La garantía de una vivienda digna es una condición fundamental para el ejercicio pleno de los derechos humanos y para la atención adecuada de la salud mental de las personas con discapacidad psicosocial, afirmó la senadora Karla Guadalupe Toledo Zamora, del Partido Revolucionario Institucional, durante el foro “La salud mental comienza con la vivienda”, realizado en el Senado de la República.
En el encuentro, la legisladora sostuvo que el acceso a un hogar no debe entenderse únicamente como un componente de política social, sino como un derecho que impacta directamente en la autonomía, la inclusión y la dignidad de las personas con discapacidad psicosocial. Señaló que en México miles de personas permanecen en instituciones psiquiátricas o residencias colectivas sin posibilidad real de decidir dónde y con quién vivir, situación que limita su desarrollo personal y social.
Toledo Zamora subrayó que estas prácticas contradicen lo establecido en la Convención sobre los Derechos de las Personas con Discapacidad de la Organización de las Naciones Unidas, ratificada por México en 2008, particularmente en lo relativo al derecho a una vida independiente y a la inclusión en la comunidad. Indicó que la institucionalización prolongada debilita los vínculos sociales y reduce las oportunidades de integración.

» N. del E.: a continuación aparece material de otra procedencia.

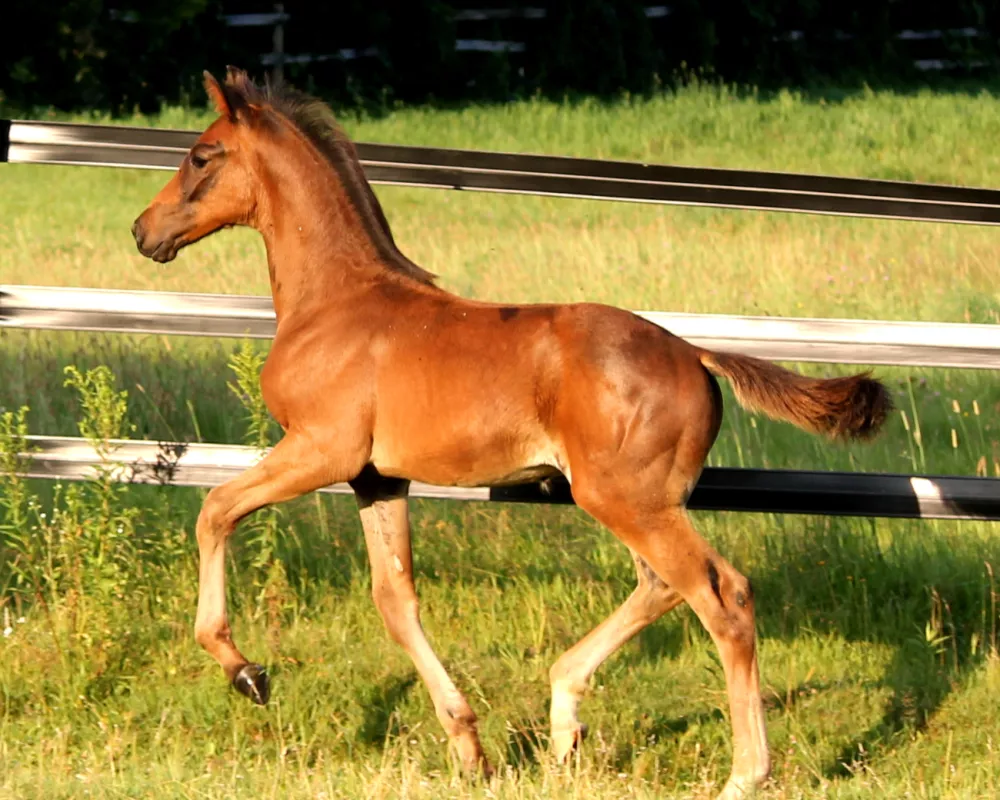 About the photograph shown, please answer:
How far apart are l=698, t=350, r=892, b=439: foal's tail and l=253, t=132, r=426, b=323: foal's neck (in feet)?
3.06

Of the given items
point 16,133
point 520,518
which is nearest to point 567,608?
point 520,518

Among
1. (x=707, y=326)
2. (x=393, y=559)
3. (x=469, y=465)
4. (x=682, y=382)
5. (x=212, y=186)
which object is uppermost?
(x=212, y=186)

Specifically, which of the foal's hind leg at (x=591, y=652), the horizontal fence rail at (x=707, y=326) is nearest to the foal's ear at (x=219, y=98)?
the horizontal fence rail at (x=707, y=326)

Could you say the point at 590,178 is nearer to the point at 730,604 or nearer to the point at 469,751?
the point at 730,604

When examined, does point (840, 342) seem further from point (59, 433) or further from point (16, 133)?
point (59, 433)

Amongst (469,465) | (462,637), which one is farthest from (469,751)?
(462,637)

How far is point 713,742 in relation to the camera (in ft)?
15.8

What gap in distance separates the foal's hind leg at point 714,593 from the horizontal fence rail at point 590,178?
4.72 ft

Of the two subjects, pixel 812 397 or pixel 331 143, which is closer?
pixel 812 397

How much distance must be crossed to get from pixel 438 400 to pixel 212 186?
0.95 m

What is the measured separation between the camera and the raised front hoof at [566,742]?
14.5 feet

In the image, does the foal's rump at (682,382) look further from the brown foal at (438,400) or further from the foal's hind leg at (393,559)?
the foal's hind leg at (393,559)

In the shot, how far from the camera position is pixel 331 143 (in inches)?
181

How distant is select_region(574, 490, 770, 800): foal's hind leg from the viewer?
4074 millimetres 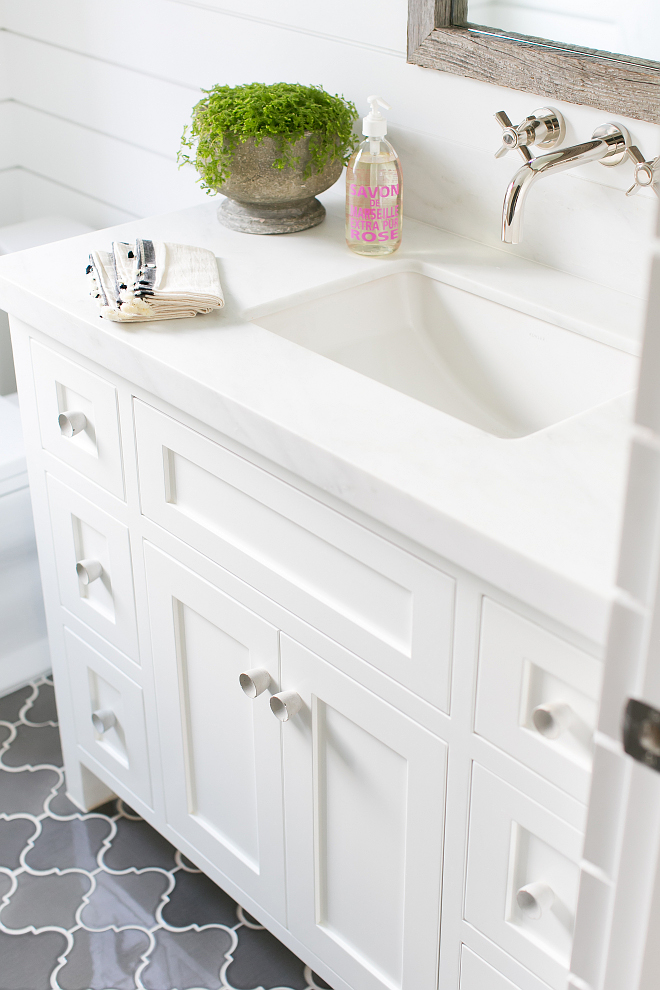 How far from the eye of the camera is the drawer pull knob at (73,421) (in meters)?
1.31

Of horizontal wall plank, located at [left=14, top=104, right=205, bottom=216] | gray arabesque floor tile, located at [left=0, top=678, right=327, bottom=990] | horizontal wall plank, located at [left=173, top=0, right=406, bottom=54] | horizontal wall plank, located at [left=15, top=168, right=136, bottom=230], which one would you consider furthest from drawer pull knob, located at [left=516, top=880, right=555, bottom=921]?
horizontal wall plank, located at [left=15, top=168, right=136, bottom=230]

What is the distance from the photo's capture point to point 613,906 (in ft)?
2.11

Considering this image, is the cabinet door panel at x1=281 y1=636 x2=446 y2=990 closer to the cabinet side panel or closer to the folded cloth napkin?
the cabinet side panel

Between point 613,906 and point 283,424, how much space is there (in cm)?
53

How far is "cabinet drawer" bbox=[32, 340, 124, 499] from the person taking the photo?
1268 millimetres

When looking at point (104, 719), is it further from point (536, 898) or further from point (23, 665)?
point (536, 898)

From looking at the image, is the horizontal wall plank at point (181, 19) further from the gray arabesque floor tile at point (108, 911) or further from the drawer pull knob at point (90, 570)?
the gray arabesque floor tile at point (108, 911)

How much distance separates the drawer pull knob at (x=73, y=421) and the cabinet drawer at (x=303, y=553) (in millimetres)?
127

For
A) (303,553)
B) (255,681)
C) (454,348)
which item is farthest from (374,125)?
(255,681)

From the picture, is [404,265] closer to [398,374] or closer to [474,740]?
[398,374]

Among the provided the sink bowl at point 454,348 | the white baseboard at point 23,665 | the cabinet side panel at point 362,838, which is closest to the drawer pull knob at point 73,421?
the sink bowl at point 454,348

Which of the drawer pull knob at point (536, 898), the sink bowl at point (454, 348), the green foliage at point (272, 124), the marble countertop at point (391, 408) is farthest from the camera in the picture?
the green foliage at point (272, 124)

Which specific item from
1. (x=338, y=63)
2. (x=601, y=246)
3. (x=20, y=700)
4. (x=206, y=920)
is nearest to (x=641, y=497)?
(x=601, y=246)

El foro contó con la participación de las senadoras Paloma Sánchez, Claudia Anaya Mota y Mely Romero Celis, así como de los senadores Ángel García Yáñez y Rolando Zapata Bello, quienes coincidieron en la necesidad de incorporar de manera transversal los temas de salud mental y vivienda con apoyos en la agenda pública nacional.
Durante el diálogo, se reconoció el trabajo de organizaciones de la sociedad civil como Disability Rights International, Orgullo Loco México y colectivos de acompañamiento a personas en situación de calle, que han documentado condiciones de sobreocupación, falta de atención especializada y vulneraciones a la dignidad humana en espacios de internamiento. Se señaló que estas problemáticas requieren visibilización y atención institucional.
La senadora Karla Toledo enfatizó que la salud mental no se limita a un diagnóstico médico, sino que está estrechamente relacionada con las condiciones materiales de vida, la existencia de redes de apoyo y la posibilidad de habitar entornos seguros. Añadió que muchas familias enfrentan de manera aislada cargas económicas, emocionales y de cuidado ante la insuficiencia de políticas públicas efectivas.
Finalmente, la legisladora afirmó que el Senado de la República tiene la responsabilidad de escuchar a la sociedad civil y transformar estas demandas en reformas legales y políticas públicas orientadas a garantizar vivienda con apoyos, inclusión comunitaria y respeto pleno a la dignidad de las personas con discapacidad psicosocial, al señalar que el enfoque debe centrarse en derechos y no en esquemas asistenciales.